The whole marketing process is about communication, even when a marketing specialist sits alone in her cubicle or office at her computer and prepares a presentation. She does every single bit of her work with a customer, receiver of the information she compiles for, in mind.

But also other areas of business, including design, production, sales, management and all the other, involve one or another form of communication. Often all types of them, both in personal (face-to-face), remote (on the phone), directly written through emails or direct messages on social media, or in a subtle way, by viewing their profile on LinkedIn or other media. These are all communication. Even the intention to talk to someone is already a part of communication.

So why are we so keen on improving production processes, the communication tools, various business processes, but often forget to take care of the ways we communicate? Is it because then we would need to slow down and pay attention? Slow down enough to be able to listen, to have adequate time to explain and ask for action, so that the potential customers or partners in a project get interested and keen to join us in our endeavour? To make our project a project of their own? Won’t this make us all prosper in the end?

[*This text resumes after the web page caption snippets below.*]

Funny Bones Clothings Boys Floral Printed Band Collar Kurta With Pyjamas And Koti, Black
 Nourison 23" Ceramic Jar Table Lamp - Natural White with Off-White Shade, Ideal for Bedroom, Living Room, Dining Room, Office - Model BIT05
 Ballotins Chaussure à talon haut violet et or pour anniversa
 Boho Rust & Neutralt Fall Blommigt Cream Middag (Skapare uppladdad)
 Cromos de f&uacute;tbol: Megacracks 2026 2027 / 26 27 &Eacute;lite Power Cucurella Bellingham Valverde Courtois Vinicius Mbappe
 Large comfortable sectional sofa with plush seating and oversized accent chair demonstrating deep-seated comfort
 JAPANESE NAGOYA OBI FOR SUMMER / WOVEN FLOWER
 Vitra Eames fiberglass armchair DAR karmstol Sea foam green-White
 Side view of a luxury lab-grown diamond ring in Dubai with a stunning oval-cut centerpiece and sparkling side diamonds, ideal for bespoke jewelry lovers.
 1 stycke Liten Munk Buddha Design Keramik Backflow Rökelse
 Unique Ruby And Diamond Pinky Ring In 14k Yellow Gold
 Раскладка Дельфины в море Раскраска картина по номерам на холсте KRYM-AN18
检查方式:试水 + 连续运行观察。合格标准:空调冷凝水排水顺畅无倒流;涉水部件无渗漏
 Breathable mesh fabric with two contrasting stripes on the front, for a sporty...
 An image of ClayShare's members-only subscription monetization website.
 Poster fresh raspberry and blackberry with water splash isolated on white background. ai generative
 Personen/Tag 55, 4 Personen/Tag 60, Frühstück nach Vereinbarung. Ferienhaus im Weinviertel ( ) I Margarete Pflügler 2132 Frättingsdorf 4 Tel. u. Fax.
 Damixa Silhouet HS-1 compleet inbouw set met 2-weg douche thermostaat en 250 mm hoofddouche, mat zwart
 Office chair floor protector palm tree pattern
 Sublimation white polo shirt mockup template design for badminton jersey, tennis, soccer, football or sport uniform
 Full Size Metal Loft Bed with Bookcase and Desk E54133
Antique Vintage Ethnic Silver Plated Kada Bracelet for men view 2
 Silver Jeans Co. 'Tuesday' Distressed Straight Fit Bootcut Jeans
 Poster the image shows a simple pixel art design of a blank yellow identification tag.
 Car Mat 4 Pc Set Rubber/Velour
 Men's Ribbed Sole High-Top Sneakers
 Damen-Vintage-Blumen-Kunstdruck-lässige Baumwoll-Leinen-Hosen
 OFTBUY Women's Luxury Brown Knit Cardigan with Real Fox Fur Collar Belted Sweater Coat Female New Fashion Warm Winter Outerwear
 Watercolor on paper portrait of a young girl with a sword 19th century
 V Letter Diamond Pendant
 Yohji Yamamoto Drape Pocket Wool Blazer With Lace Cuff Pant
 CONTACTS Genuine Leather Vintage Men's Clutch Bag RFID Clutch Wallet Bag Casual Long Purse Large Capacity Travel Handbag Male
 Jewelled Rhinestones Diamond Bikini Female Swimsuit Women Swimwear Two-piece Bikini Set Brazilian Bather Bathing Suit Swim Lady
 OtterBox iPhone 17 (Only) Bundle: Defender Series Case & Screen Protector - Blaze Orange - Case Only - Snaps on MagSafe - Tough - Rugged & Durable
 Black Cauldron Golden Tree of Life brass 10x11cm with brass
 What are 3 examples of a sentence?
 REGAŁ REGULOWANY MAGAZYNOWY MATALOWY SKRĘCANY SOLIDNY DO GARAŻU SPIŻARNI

What will happen if I slow down? If I pay attention to how I communicate with my partners and customers in various projects? If I forget for a moment about all those important agendas, I have almost at each moment? What if this approach will result in growth, stability, and longevity of my business and benefit all involved in or relating to it? If so (and I am sure it is so), then I am all for it.

What about you?

Picture: among the pictures I made in the past month, I realized how much this one of a pavement reminded me of a smooth and harmonious communication. If all stones are laid with care, without any gaps or difference in height between them, then a walk on them is effortless. But if the path is uneven and with holes in it, mishaps are almost preprogramed.